Estos ejemplos nos indican que dar testimonio de nuestra fe en Dios, no es una opción sino una exigencia de nuestra vocación cristiana. Esto significa reconocer a Jesús como Hijo de Dios ante los hombres, agradecer su amor, manifestar la fe a la luz del sol, no sólo de palabras sino con obras, practicando el Evangelio y sirviendo a los enfermos, sufridos, pobres y necesitados al Hijo de Dios, que se ha hecho último y servidor de todos.

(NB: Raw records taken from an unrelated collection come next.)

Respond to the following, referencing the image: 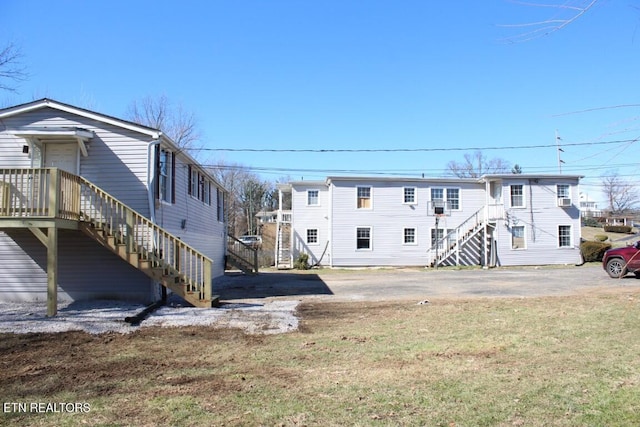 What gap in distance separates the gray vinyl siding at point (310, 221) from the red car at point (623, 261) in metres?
15.8

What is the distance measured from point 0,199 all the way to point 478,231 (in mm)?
24742

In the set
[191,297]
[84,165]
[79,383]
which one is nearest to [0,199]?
[84,165]

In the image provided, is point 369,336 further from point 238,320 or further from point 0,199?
point 0,199

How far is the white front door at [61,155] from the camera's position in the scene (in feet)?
39.9

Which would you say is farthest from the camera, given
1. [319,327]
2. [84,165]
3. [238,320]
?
[84,165]

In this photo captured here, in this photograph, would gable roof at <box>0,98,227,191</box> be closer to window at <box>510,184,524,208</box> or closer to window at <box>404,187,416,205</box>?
window at <box>404,187,416,205</box>

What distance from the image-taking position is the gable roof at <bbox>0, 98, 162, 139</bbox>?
12.1m

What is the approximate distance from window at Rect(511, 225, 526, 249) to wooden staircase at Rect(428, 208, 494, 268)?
1446mm

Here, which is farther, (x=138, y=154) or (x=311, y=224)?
(x=311, y=224)

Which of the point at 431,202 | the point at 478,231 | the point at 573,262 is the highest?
the point at 431,202

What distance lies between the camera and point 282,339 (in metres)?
7.58

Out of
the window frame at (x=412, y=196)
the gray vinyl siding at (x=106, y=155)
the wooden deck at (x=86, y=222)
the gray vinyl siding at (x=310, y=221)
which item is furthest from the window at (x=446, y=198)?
the gray vinyl siding at (x=106, y=155)

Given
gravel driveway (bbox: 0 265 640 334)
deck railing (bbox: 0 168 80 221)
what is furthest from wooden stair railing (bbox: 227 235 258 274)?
deck railing (bbox: 0 168 80 221)

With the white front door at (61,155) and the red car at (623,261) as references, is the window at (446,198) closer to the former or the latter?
the red car at (623,261) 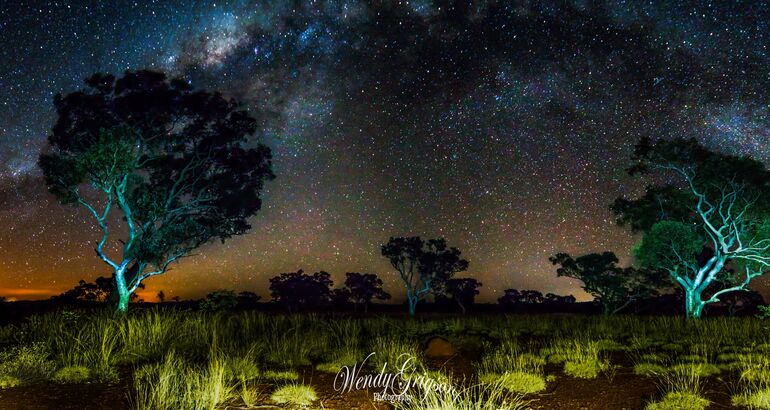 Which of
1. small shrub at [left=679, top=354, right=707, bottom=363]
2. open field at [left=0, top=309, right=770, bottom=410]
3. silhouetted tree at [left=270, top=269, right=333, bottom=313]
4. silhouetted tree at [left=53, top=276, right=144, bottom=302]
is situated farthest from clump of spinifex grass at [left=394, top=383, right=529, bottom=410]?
silhouetted tree at [left=270, top=269, right=333, bottom=313]

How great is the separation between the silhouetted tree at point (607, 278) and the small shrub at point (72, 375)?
1797 inches

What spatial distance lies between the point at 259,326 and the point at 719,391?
10549 mm

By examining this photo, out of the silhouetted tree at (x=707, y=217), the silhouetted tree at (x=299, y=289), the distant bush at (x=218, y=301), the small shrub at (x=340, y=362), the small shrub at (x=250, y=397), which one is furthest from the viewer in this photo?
the silhouetted tree at (x=299, y=289)

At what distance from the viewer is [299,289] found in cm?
6319

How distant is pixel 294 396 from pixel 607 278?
4575cm

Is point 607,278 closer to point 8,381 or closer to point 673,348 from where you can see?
point 673,348

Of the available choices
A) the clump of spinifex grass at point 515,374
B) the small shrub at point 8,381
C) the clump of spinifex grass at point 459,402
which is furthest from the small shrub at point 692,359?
the small shrub at point 8,381

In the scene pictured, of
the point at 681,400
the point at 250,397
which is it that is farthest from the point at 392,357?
the point at 681,400

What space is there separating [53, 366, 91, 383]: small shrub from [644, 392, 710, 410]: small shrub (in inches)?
→ 302

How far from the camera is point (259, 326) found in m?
14.1

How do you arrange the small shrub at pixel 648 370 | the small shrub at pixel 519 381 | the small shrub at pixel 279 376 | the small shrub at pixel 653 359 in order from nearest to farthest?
1. the small shrub at pixel 519 381
2. the small shrub at pixel 279 376
3. the small shrub at pixel 648 370
4. the small shrub at pixel 653 359

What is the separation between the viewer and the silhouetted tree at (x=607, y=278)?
46.1 metres

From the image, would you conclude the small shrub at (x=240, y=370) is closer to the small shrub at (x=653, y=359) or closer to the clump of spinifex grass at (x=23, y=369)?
the clump of spinifex grass at (x=23, y=369)

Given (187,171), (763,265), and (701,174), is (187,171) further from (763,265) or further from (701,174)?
(763,265) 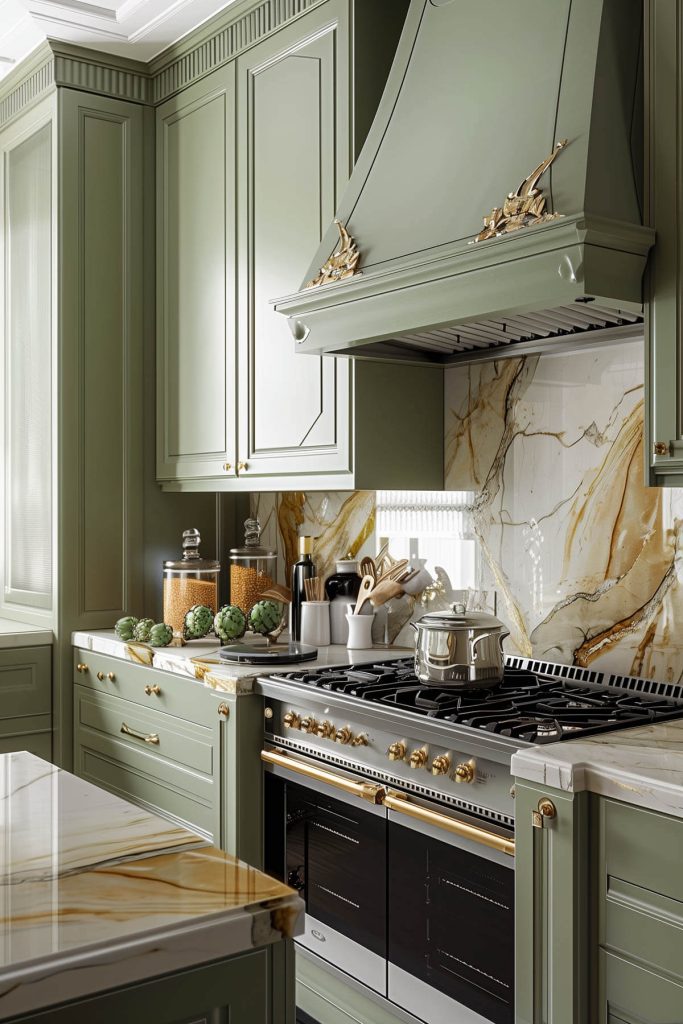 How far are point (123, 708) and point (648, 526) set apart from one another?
5.68 feet

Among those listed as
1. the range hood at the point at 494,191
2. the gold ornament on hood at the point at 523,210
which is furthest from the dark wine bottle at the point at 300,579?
the gold ornament on hood at the point at 523,210

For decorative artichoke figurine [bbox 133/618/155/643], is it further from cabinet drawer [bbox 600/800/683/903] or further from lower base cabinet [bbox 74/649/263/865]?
cabinet drawer [bbox 600/800/683/903]

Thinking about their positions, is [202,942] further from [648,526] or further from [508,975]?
[648,526]

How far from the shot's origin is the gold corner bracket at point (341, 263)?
233cm

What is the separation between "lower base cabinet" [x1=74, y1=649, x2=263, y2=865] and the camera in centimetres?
257

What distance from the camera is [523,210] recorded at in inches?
75.4

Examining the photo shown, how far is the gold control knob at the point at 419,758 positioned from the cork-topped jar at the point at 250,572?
1.31 meters

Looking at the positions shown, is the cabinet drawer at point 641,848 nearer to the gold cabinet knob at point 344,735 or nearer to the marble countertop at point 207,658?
the gold cabinet knob at point 344,735

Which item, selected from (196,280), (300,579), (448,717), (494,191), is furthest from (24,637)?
(494,191)

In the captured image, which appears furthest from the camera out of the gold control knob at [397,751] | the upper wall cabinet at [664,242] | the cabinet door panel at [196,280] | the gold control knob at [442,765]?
the cabinet door panel at [196,280]

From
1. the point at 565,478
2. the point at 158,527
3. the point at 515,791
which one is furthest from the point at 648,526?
the point at 158,527

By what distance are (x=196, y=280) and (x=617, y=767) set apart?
7.49 ft

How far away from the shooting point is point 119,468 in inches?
139

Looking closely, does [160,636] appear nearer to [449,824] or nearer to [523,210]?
[449,824] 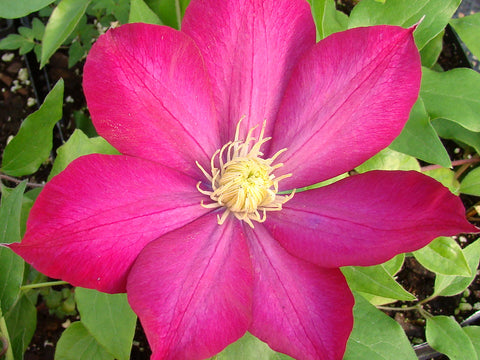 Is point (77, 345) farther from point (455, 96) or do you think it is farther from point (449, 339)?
point (455, 96)

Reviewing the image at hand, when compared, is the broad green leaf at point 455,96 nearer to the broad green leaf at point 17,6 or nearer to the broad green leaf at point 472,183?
the broad green leaf at point 472,183

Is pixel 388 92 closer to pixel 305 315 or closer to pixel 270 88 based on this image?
pixel 270 88

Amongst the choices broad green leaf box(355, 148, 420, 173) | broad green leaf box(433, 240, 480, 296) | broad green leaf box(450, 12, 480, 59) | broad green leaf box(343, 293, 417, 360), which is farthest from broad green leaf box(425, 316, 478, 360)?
broad green leaf box(450, 12, 480, 59)

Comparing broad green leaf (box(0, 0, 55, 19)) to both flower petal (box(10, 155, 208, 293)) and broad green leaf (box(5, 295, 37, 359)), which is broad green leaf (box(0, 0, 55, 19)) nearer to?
flower petal (box(10, 155, 208, 293))

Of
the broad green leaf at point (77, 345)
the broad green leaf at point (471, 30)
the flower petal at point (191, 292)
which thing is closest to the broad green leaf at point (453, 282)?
the broad green leaf at point (471, 30)

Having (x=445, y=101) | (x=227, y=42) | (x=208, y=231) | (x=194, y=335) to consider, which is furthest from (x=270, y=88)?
(x=445, y=101) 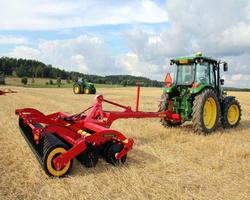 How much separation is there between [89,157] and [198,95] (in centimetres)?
416

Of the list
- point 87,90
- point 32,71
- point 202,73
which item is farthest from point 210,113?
point 32,71

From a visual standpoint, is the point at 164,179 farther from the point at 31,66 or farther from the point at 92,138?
the point at 31,66

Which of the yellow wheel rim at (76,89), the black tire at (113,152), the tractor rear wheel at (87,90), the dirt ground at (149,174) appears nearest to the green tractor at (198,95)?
the dirt ground at (149,174)

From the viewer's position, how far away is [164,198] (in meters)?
3.81

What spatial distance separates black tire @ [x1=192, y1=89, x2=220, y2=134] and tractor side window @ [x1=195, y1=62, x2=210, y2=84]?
49cm

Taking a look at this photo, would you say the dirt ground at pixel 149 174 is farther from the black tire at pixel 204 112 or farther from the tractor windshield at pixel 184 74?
the tractor windshield at pixel 184 74

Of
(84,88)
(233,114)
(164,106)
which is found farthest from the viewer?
(84,88)

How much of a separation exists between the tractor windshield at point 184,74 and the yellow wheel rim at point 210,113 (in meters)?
0.76

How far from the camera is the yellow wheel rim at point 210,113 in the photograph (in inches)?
330

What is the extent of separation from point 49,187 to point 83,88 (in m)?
Result: 26.5

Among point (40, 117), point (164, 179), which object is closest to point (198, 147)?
point (164, 179)

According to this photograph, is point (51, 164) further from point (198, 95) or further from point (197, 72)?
point (197, 72)

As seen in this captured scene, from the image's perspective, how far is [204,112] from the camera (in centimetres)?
837

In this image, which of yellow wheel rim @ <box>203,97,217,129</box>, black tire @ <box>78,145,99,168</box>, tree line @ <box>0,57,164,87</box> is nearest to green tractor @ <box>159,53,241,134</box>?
yellow wheel rim @ <box>203,97,217,129</box> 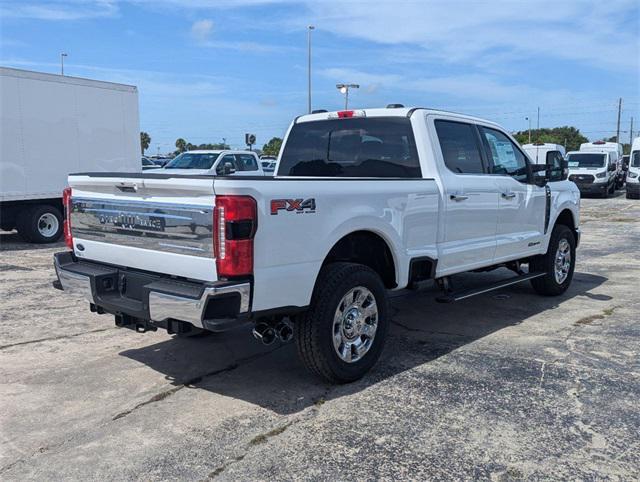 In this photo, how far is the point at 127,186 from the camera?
13.8 feet

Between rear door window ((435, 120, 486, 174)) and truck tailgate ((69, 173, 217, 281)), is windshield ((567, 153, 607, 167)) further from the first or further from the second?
→ truck tailgate ((69, 173, 217, 281))

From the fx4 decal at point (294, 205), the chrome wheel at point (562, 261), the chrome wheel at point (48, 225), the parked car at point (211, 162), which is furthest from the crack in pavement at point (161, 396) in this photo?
the parked car at point (211, 162)

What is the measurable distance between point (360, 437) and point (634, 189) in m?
26.2

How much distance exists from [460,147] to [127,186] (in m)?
3.11

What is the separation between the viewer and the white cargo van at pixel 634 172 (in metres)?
25.6

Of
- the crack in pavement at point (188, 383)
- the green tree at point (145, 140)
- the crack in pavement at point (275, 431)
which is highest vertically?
the green tree at point (145, 140)

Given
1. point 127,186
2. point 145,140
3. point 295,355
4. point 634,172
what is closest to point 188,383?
point 295,355

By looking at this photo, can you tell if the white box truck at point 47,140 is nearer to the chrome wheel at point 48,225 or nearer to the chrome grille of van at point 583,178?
the chrome wheel at point 48,225

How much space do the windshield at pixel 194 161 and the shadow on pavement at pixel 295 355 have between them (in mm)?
9044

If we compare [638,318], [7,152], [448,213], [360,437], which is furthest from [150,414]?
[7,152]

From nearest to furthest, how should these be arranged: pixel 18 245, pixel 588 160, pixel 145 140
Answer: pixel 18 245 → pixel 588 160 → pixel 145 140

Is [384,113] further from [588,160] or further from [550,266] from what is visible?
[588,160]

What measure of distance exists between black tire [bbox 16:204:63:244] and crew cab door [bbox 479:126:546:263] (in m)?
9.36

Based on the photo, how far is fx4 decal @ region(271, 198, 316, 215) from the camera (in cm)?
380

Por eso, no debemos tener miedo de dar testimonio público de nuestra fe en nuestro mundo de hoy, indiferente y hasta hostil a Dios y a lo sobrenatural, manifestarla abiertamente en todos los ámbitos de la vida, personal, familiar, comunitario y social. Jesús resalta este mandato fuertemente con esas imágenes contrapuestas que hemos escuchado: No hay secreto que no sea descubierto, oculto que no sea revelado, decir en pleno día lo escuchado de noche y proclamar desde la azotea lo hablado al oído.
De estos ejemplos resulta claro que nuestra misión es ser luz del mundo y sal de la tierra, testimoniando al mundo la alegría del Evangelio de la vida, el amor y la esperanza. Al respecto valdría la pena ponernos una pregunta: ¿Nos animamos a salir a la misión y dar la cara por el Señor o nos dejamos llevar por el temor, el respeto humano, y la vergüenza?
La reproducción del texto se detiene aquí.